### Exercise instructions
Where a line looks odd, keep it as it is and transcribe all the material.

### Material for the task
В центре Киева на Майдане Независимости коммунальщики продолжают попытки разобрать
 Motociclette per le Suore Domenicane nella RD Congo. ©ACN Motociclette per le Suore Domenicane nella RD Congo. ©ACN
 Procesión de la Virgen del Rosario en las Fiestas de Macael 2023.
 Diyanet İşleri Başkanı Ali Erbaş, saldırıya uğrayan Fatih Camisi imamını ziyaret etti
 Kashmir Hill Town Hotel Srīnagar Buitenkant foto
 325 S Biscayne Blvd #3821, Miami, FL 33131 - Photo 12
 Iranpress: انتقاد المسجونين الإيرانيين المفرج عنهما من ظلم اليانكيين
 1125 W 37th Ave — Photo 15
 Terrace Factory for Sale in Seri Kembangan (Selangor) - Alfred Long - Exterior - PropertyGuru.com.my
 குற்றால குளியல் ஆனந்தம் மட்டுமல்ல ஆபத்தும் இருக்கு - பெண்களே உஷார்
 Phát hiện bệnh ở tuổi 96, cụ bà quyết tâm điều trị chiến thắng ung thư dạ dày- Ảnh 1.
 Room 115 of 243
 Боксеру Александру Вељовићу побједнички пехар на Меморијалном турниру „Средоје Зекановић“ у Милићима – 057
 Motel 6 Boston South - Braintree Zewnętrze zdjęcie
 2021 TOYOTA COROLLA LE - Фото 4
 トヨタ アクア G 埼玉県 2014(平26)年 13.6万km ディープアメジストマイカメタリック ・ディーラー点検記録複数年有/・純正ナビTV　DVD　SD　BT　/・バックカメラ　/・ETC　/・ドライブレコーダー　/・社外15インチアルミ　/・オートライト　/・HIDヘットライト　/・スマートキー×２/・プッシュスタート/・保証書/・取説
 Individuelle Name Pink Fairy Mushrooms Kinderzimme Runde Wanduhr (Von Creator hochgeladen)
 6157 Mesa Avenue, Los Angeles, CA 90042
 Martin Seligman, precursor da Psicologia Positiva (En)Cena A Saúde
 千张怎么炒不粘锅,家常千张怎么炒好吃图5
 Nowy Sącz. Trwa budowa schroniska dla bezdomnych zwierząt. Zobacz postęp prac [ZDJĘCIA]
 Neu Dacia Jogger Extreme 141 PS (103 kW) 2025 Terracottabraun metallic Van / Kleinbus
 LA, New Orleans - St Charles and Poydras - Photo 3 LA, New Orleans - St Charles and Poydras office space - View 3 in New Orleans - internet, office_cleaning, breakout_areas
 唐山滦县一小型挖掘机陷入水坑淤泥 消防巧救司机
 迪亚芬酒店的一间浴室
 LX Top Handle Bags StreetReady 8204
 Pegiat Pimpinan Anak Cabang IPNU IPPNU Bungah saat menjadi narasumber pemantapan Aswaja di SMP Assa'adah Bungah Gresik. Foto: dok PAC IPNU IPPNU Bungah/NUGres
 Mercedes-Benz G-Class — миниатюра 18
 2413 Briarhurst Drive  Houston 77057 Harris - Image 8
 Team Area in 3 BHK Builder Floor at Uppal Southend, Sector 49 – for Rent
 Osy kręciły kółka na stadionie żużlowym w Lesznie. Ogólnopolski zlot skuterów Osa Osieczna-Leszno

### Exercise result
В центре Киева на Майдане Независимости коммунальщики продолжают попытки разобрать
 Motociclette per le Suore Domenicane nella RD Congo. ©ACN Motociclette per le Suore Domenicane nella RD Congo. ©ACN
 Procesión de la Virgen del Rosario en las Fiestas de Macael 2023.
 Diyanet İşleri Başkanı Ali Erbaş, saldırıya uğrayan Fatih Camisi imamını ziyaret etti
 Kashmir Hill Town Hotel Srīnagar Buitenkant foto
 325 S Biscayne Blvd #3821, Miami, FL 33131 - Photo 12
 Iranpress: انتقاد المسجونين الإيرانيين المفرج عنهما من ظلم اليانكيين
 1125 W 37th Ave — Photo 15
 Terrace Factory for Sale in Seri Kembangan (Selangor) - Alfred Long - Exterior - PropertyGuru.com.my
 குற்றால குளியல் ஆனந்தம் மட்டுமல்ல ஆபத்தும் இருக்கு - பெண்களே உஷார்
 Phát hiện bệnh ở tuổi 96, cụ bà quyết tâm điều trị chiến thắng ung thư dạ dày- Ảnh 1.
 Room 115 of 243
 Боксеру Александру Вељовићу побједнички пехар на Меморијалном турниру „Средоје Зекановић“ у Милићима – 057
 Motel 6 Boston South - Braintree Zewnętrze zdjęcie
 2021 TOYOTA COROLLA LE - Фото 4
 トヨタ アクア G 埼玉県 2014(平26)年 13.6万km ディープアメジストマイカメタリック ・ディーラー点検記録複数年有/・純正ナビTV　DVD　SD　BT　/・バックカメラ　/・ETC　/・ドライブレコーダー　/・社外15インチアルミ　/・オートライト　/・HIDヘットライト　/・スマートキー×２/・プッシュスタート/・保証書/・取説
 Individuelle Name Pink Fairy Mushrooms Kinderzimme Runde Wanduhr (Von Creator hochgeladen)
 6157 Mesa Avenue, Los Angeles, CA 90042
 Martin Seligman, precursor da Psicologia Positiva (En)Cena A Saúde
 千张怎么炒不粘锅,家常千张怎么炒好吃图5
 Nowy Sącz. Trwa budowa schroniska dla bezdomnych zwierząt. Zobacz postęp prac [ZDJĘCIA]
 Neu Dacia Jogger Extreme 141 PS (103 kW) 2025 Terracottabraun metallic Van / Kleinbus
 LA, New Orleans - St Charles and Poydras - Photo 3 LA, New Orleans - St Charles and Poydras office space - View 3 in New Orleans - internet, office_cleaning, breakout_areas
 唐山滦县一小型挖掘机陷入水坑淤泥 消防巧救司机
 迪亚芬酒店的一间浴室
 LX Top Handle Bags StreetReady 8204
 Pegiat Pimpinan Anak Cabang IPNU IPPNU Bungah saat menjadi narasumber pemantapan Aswaja di SMP Assa'adah Bungah Gresik. Foto: dok PAC IPNU IPPNU Bungah/NUGres
 Mercedes-Benz G-Class — миниатюра 18
 2413 Briarhurst Drive  Houston 77057 Harris - Image 8
 Team Area in 3 BHK Builder Floor at Uppal Southend, Sector 49 – for Rent
 Osy kręciły kółka na stadionie żużlowym w Lesznie. Ogólnopolski zlot skuterów Osa Osieczna-Leszno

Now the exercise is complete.